Next we consider the case where \(\psi (r)=\sinh r\), \(R=+\infty \), i.e., M is the hyperbolic space \(\mathbb {H}^{N}\). For \(f(u)=u^{p}\), [29] showed that there exists a unique \(\bar{\alpha }>0\) such that \(u(r,\bar{\alpha })\) is a positive entire solution in \(H^{1}(\mathbb {H}^{N})\) for \(p<p_{s}(N)\). In [14], they classified the positivity of radial solutions to (1.1) in \(\mathbb {H}^{N}\) for \(p>1\), and proved that the initial value \(\bar{\alpha }\) is a threshold for the positivity of radial solutions for \(p<p_{s}(N)\). Moreover, replacing \(\mathbb {H}^{N}\) by M with appropriate conditions of \(\psi \), [10] proved the similar structure of radial solutions of (1.1) in M as that of (1.1) in \(\mathbb {H}^{N}\). In [10], they also studied the structure of radial solutions to (1.1) in M for the stability and separation phenomena. Concerning these properties, the existence of a critical exponent was also obtained in [24]. Furthermore, under the general setting of M, for the case of \(f(u)=e^{u}\), the stability and separation phenomena of radial solutions were researched in [9]. Further situations and properties were studied in [3, 6, 9, 11, 22, 23, 38, 40].
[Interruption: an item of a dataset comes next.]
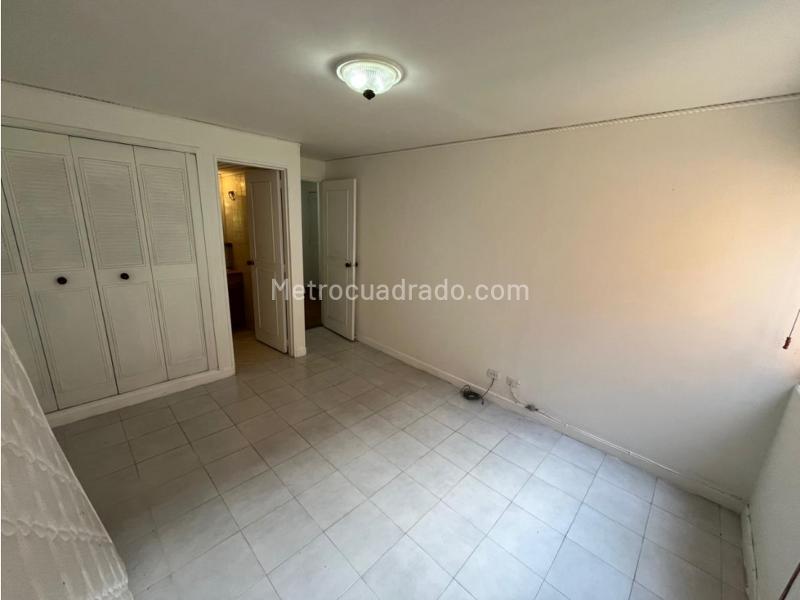 Beautiful 2BR Apartment in Medellin's Heart - 8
Regarding singular solutions to (1.1), [27] obtained the existence and asymptotic behavior of a singular radial solution for the case of \(f(u)=u^{p}\) with \(p>p_{s}\) on the spherical cap, and showed that regular radial solutions converges to the singular solution. On the other hand, under the general setting of M including the case of \(\mathbb {H}^{N}\), in [10], they listed an open problem on singular solutions. Indeed, for \(f(u)=u^{p}\), they referred to the existence and the asymptotic behavior of singular solutions. Thereafter, considering the problem, [24] showed the existence and the asymptotic behavior of singular solutions on M including \(\mathbb {H}^{N}\) for \(N\ge 11\) and \(p\ge p_{JL}\) (Theorem 1.3 of [24]), where the exponent \(p_{JL}\) is the Joseph-Lundgren exponent, i.e., \(p_{JL}=\tfrac{(N-2)^2-4N+8\sqrt{N-1}}{(N-2)(N-10)}\). We note that when \(N\le 10\), the existence and the asymptotic behavior of singular solutions were not obtained. Moreover, for any \(p>1\), the uniqueness of singular solutions was not investigated even in the cases of \(\mathbb {S}^{N}\) and \(\mathbb {H}^{N}\).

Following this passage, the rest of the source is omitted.